Grimes loved practical jokes, and he tormented his parents with them for years, like when he downloaded an app on his dad's new 75-inch TV that made the screen appear cracked, or when he broke the living room couch doing a swan dive onto it, part of a joke about rival Duke he recorded for his TikTok account. But Grimes said he's given those jokes up, too. He wants to let his personality show in more adult ways, he said.

The headphones aren't required attire anymore either. In the locker room, he's jovial and outgoing, though he still gets to the gym early and doesn't mind being the only one in the weight room. He has found his niche in the locker room, too. He's a social person, he said, and now he has found his pack. This offseason, Grimes was voted onto North Carolina's leadership council, a sign of how far he's come in building bonds with teammates.

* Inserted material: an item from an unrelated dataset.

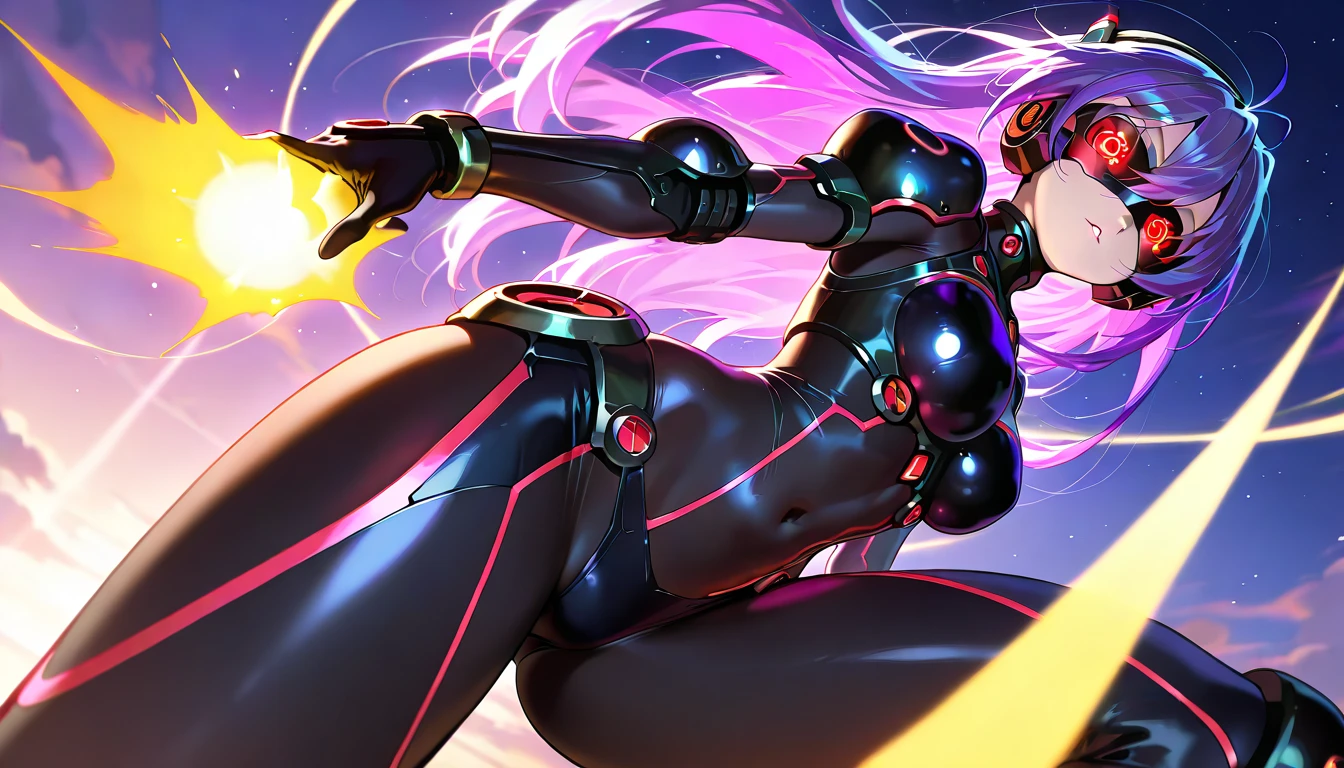 (Anime works, Anime Style, Studio Anime, Very detailed, Latest, Vibrant, Anime Coloring, High Contrast, masterpiece:1.2, Highest quality, Best aesthetics), (1 Girl),  ((Cyber Headset, Mechanical bodysuit:1.2, Cyberware:1.1)), Color Connection, Colored, Vibrant color scheme, colorful, Spot colors, (Big Tits 1.2), bent, (Captivating woman), (Grin:1.2),  (Futuristic Background), (((chromatic aberration, Abstract, colorfulな背景))),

This looks far more like the vision Grimes had for his year at UNC, but it's not his ultimate destination.

"We most definitely can win a national title," Grimes said on the day he committed to North Carolina. "And we will. Before I leave, we will be winning a natty."

It's easy to shrug off as a bit of youthful exuberance. North Carolina hasn't finished in the top 10 in Grimes' lifetime. Grimes sees it differently.

"We talk about our dreams because I feel like you can speak it into existence," he said. "Sometimes, what you say, that's how things are going to end.

"They may think we're overrated, but we're going to shock people. We're going to win a natty. I can see it."